■ **STORED DATA**
▼▼▼

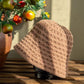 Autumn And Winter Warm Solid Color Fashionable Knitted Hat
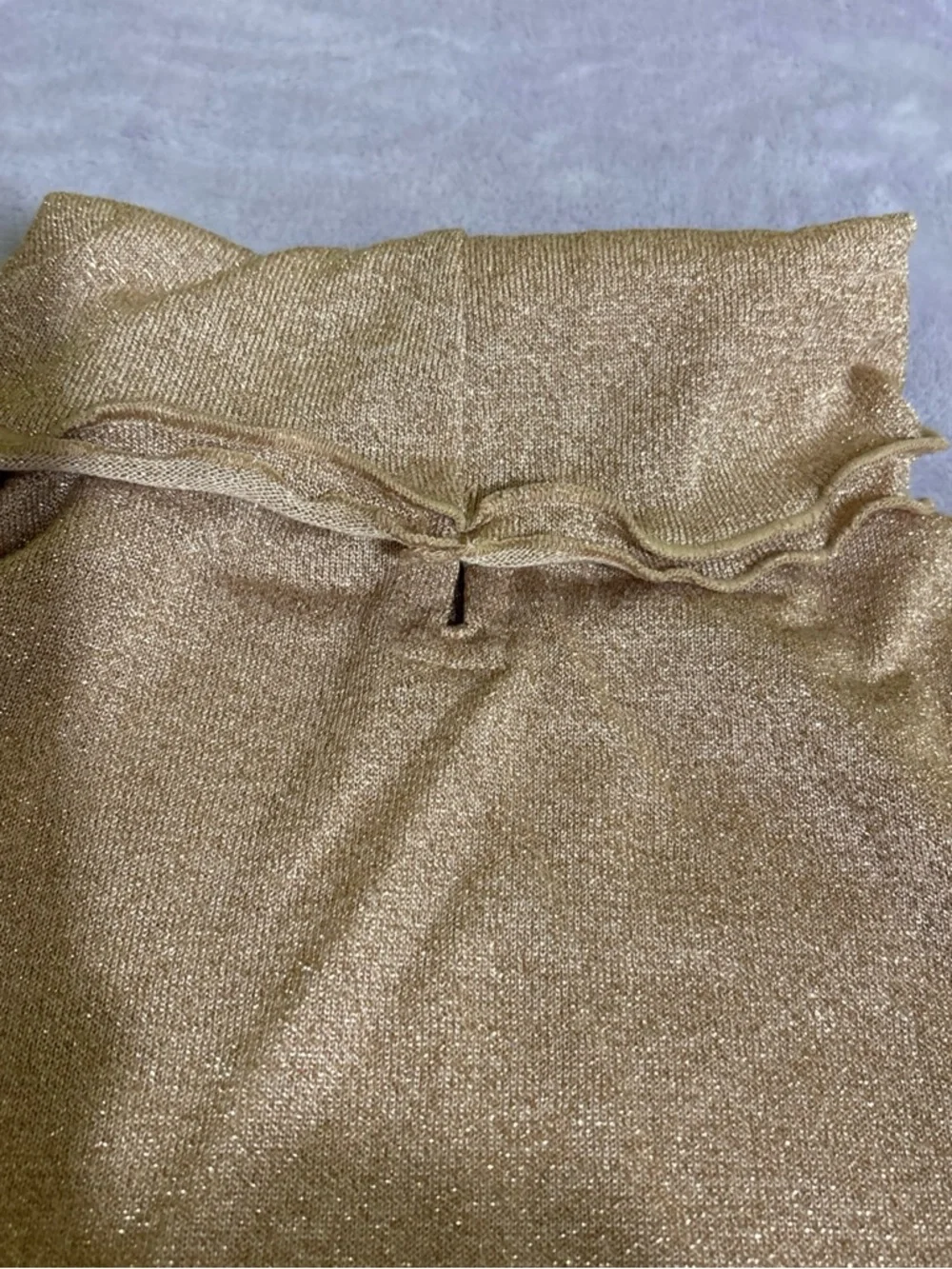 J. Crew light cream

▲▲▲
▼▼▼

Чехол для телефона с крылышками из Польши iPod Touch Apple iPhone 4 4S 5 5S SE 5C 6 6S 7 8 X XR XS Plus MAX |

▲▲▲

■ **TO DO**
Nothing outside the stretch above, from the line with "Autumn And Winter" through the line with "J. Crew light cream", is set down. Transcribe that stretch exactly, ends included, but not its pictures.

■ **SOLUTION TO THIS TASK**
 Autumn And Winter Warm Solid Color Fashionable Knitted Hat
 J. Crew light cream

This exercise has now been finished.